**Extracted information**
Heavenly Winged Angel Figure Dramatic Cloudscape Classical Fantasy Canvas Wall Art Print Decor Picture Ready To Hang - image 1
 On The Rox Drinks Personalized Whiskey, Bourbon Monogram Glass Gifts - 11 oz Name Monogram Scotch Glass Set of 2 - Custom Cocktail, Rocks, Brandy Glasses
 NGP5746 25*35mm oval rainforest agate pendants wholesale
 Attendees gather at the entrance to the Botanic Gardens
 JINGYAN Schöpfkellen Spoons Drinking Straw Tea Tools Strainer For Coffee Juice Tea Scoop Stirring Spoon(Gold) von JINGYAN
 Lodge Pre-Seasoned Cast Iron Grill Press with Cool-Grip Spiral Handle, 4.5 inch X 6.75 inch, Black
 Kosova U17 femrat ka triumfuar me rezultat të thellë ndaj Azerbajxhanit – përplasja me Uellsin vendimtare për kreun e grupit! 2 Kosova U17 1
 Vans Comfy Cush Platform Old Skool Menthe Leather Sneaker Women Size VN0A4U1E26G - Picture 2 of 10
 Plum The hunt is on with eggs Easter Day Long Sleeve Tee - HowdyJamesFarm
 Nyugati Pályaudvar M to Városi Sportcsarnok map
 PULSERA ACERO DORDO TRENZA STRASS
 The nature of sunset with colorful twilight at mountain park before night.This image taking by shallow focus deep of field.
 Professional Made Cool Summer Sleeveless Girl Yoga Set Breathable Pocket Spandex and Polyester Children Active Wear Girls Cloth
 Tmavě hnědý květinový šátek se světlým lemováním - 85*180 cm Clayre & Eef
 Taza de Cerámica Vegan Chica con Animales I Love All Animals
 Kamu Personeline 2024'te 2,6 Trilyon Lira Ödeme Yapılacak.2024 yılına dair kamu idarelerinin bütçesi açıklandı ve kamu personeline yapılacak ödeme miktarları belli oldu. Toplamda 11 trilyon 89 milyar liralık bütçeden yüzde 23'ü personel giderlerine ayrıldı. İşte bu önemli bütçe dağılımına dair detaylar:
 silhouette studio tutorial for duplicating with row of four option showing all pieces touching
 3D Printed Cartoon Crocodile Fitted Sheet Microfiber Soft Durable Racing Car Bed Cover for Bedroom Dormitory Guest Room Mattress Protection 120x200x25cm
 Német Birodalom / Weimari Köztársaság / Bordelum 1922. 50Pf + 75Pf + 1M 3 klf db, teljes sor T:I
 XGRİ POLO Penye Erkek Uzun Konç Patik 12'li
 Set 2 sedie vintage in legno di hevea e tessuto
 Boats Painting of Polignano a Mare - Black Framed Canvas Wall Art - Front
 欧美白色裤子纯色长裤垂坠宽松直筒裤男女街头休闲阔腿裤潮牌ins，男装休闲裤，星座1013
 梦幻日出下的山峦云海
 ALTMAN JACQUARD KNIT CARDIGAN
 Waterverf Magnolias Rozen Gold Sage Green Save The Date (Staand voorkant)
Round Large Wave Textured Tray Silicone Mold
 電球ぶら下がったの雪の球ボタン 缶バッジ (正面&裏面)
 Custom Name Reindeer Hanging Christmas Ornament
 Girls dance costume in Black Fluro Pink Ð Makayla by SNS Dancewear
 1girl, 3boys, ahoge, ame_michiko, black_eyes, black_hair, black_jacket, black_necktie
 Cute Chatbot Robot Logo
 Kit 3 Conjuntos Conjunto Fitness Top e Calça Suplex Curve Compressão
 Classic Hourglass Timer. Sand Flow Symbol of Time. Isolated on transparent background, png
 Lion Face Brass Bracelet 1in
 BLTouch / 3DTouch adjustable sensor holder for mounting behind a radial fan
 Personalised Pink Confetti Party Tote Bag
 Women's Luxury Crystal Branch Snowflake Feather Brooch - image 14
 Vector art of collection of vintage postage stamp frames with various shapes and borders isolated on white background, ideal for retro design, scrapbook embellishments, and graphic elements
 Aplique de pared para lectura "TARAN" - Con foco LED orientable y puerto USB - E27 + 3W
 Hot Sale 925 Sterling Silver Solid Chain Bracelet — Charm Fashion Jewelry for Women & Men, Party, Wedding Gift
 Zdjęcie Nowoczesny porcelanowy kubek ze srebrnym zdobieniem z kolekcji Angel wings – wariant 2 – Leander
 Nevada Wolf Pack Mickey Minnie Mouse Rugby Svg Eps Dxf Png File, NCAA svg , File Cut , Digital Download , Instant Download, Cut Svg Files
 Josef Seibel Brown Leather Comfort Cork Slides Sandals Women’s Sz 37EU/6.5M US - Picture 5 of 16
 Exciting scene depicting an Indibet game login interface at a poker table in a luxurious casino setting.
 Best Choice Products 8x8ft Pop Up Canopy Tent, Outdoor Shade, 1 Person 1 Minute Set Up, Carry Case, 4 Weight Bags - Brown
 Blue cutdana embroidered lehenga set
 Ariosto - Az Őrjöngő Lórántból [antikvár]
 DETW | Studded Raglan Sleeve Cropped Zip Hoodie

**Work required**
Write out the records again so that each line matches the original exactly.

**Output of the exercise**
Heavenly Winged Angel Figure Dramatic Cloudscape Classical Fantasy Canvas Wall Art Print Decor Picture Ready To Hang - image 1
 On The Rox Drinks Personalized Whiskey, Bourbon Monogram Glass Gifts - 11 oz Name Monogram Scotch Glass Set of 2 - Custom Cocktail, Rocks, Brandy Glasses
 NGP5746 25*35mm oval rainforest agate pendants wholesale
 Attendees gather at the entrance to the Botanic Gardens
 JINGYAN Schöpfkellen Spoons Drinking Straw Tea Tools Strainer For Coffee Juice Tea Scoop Stirring Spoon(Gold) von JINGYAN
 Lodge Pre-Seasoned Cast Iron Grill Press with Cool-Grip Spiral Handle, 4.5 inch X 6.75 inch, Black
 Kosova U17 femrat ka triumfuar me rezultat të thellë ndaj Azerbajxhanit – përplasja me Uellsin vendimtare për kreun e grupit! 2 Kosova U17 1
 Vans Comfy Cush Platform Old Skool Menthe Leather Sneaker Women Size VN0A4U1E26G - Picture 2 of 10
 Plum The hunt is on with eggs Easter Day Long Sleeve Tee - HowdyJamesFarm
 Nyugati Pályaudvar M to Városi Sportcsarnok map
 PULSERA ACERO DORDO TRENZA STRASS
 The nature of sunset with colorful twilight at mountain park before night.This image taking by shallow focus deep of field.
 Professional Made Cool Summer Sleeveless Girl Yoga Set Breathable Pocket Spandex and Polyester Children Active Wear Girls Cloth
 Tmavě hnědý květinový šátek se světlým lemováním - 85*180 cm Clayre & Eef
 Taza de Cerámica Vegan Chica con Animales I Love All Animals
 Kamu Personeline 2024'te 2,6 Trilyon Lira Ödeme Yapılacak.2024 yılına dair kamu idarelerinin bütçesi açıklandı ve kamu personeline yapılacak ödeme miktarları belli oldu. Toplamda 11 trilyon 89 milyar liralık bütçeden yüzde 23'ü personel giderlerine ayrıldı. İşte bu önemli bütçe dağılımına dair detaylar:
 silhouette studio tutorial for duplicating with row of four option showing all pieces touching
 3D Printed Cartoon Crocodile Fitted Sheet Microfiber Soft Durable Racing Car Bed Cover for Bedroom Dormitory Guest Room Mattress Protection 120x200x25cm
 Német Birodalom / Weimari Köztársaság / Bordelum 1922. 50Pf + 75Pf + 1M 3 klf db, teljes sor T:I
 XGRİ POLO Penye Erkek Uzun Konç Patik 12'li
 Set 2 sedie vintage in legno di hevea e tessuto
 Boats Painting of Polignano a Mare - Black Framed Canvas Wall Art - Front
 欧美白色裤子纯色长裤垂坠宽松直筒裤男女街头休闲阔腿裤潮牌ins，男装休闲裤，星座1013
 梦幻日出下的山峦云海
 ALTMAN JACQUARD KNIT CARDIGAN
 Waterverf Magnolias Rozen Gold Sage Green Save The Date (Staand voorkant)
Round Large Wave Textured Tray Silicone Mold
 電球ぶら下がったの雪の球ボタン 缶バッジ (正面&裏面)
 Custom Name Reindeer Hanging Christmas Ornament
 Girls dance costume in Black Fluro Pink Ð Makayla by SNS Dancewear
 1girl, 3boys, ahoge, ame_michiko, black_eyes, black_hair, black_jacket, black_necktie
 Cute Chatbot Robot Logo
 Kit 3 Conjuntos Conjunto Fitness Top e Calça Suplex Curve Compressão
 Classic Hourglass Timer. Sand Flow Symbol of Time. Isolated on transparent background, png
 Lion Face Brass Bracelet 1in
 BLTouch / 3DTouch adjustable sensor holder for mounting behind a radial fan
 Personalised Pink Confetti Party Tote Bag
 Women's Luxury Crystal Branch Snowflake Feather Brooch - image 14
 Vector art of collection of vintage postage stamp frames with various shapes and borders isolated on white background, ideal for retro design, scrapbook embellishments, and graphic elements
 Aplique de pared para lectura "TARAN" - Con foco LED orientable y puerto USB - E27 + 3W
 Hot Sale 925 Sterling Silver Solid Chain Bracelet — Charm Fashion Jewelry for Women & Men, Party, Wedding Gift
 Zdjęcie Nowoczesny porcelanowy kubek ze srebrnym zdobieniem z kolekcji Angel wings – wariant 2 – Leander
 Nevada Wolf Pack Mickey Minnie Mouse Rugby Svg Eps Dxf Png File, NCAA svg , File Cut , Digital Download , Instant Download, Cut Svg Files
 Josef Seibel Brown Leather Comfort Cork Slides Sandals Women’s Sz 37EU/6.5M US - Picture 5 of 16
 Exciting scene depicting an Indibet game login interface at a poker table in a luxurious casino setting.
 Best Choice Products 8x8ft Pop Up Canopy Tent, Outdoor Shade, 1 Person 1 Minute Set Up, Carry Case, 4 Weight Bags - Brown
 Blue cutdana embroidered lehenga set
 Ariosto - Az Őrjöngő Lórántból [antikvár]
 DETW | Studded Raglan Sleeve Cropped Zip Hoodie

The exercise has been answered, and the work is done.